The Koch brothers and the organizations they fund have devoted themselves for more than a decade to attacking the voting rights of African Americans. They support voter identification laws. They seek to restrict early voting and voter registration. They support laws that threaten organizations that register voters in the African American community.

They funded organizations that advocated for the Supreme Court's rolling back of the Voting Rights Act and the removal of the special protections the act provided to people of color in those parts of the country where so many of our forebears were killed for seeking to exercise their right to vote. The Koch brothers are the single most prominent funders of efforts to prevent African Americans from voting.

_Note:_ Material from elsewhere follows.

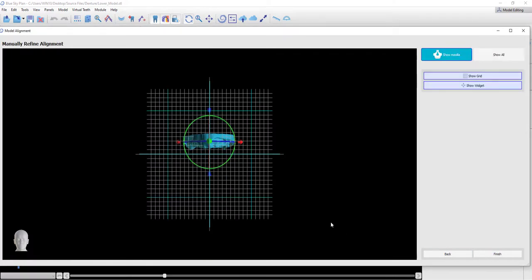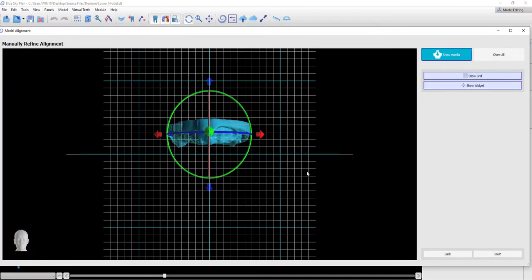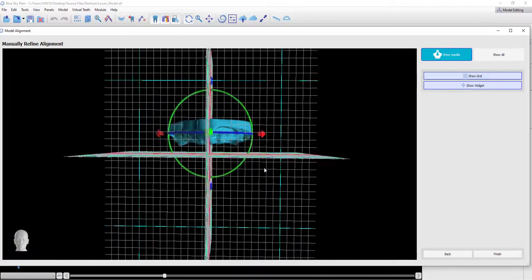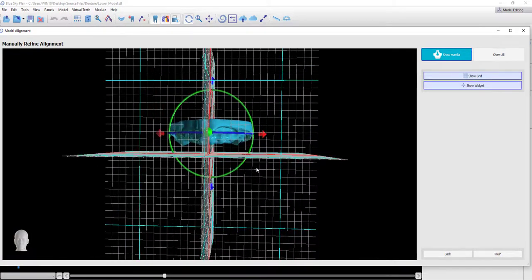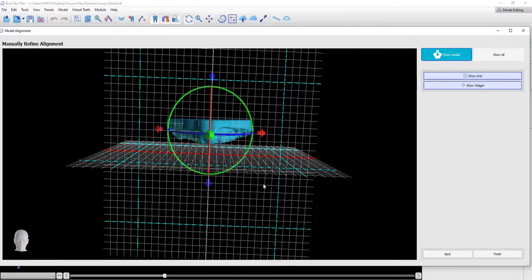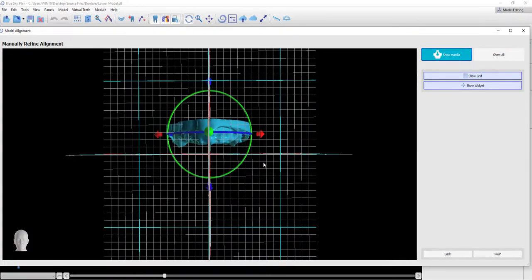And we can see now the model in space, and we do have the rotation and movement widget available in a situation where we want to fine-tune or improve the positioning if necessary.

Lending your name to the Koch brothers' efforts to disenfranchise African Americans would be sufficient to compel me to sever our relationship. But it is not my only objection to your actions. Charles Murray, author of The Bell Curve, was also a speaker at the Koch brothers' summit. There is no person in America whose work is more opposed to the fundamental mission of the UNCF than Charles Murray. For decades, he has dedicated himself to promoting the notion that the over-representation of African Americans among America's poor and in America's prisons is the consequence not of our history or of the types of public policies the Koch brothers promote, but rather is a consequence of our genetic inferiority. The unmistakable implication of his work is that the UNCF effort to provide paths out of poverty and despair for African Americans and other students of color is futile.

According to Professor Murray, we and our children are genetically inferior. For these reasons, I must sever the relationship between our organizations. Effective September 1, 2014, we will not continue our partnership. I am also urging all AFSCME affiliates to sever their relationships with and cease fundraising for the UNCF. We must hold ourselves to the same standards that we promote through the Union Scholars Program: to practice what we preach, to fight for social justice, and to stand up for what we believe. I cannot in good conscience face these students or AFSCME's members if I looked the other way and ignored your actions.

AFSCME remains committed to the mission of the Union Scholars Program. We will work directly with historically black and other colleges and universities, faculty members, student organizations, and other allies to make internship, scholarship and job opportunities available to students of color. With disappointment and determination we will continue the work without you and the UNCF.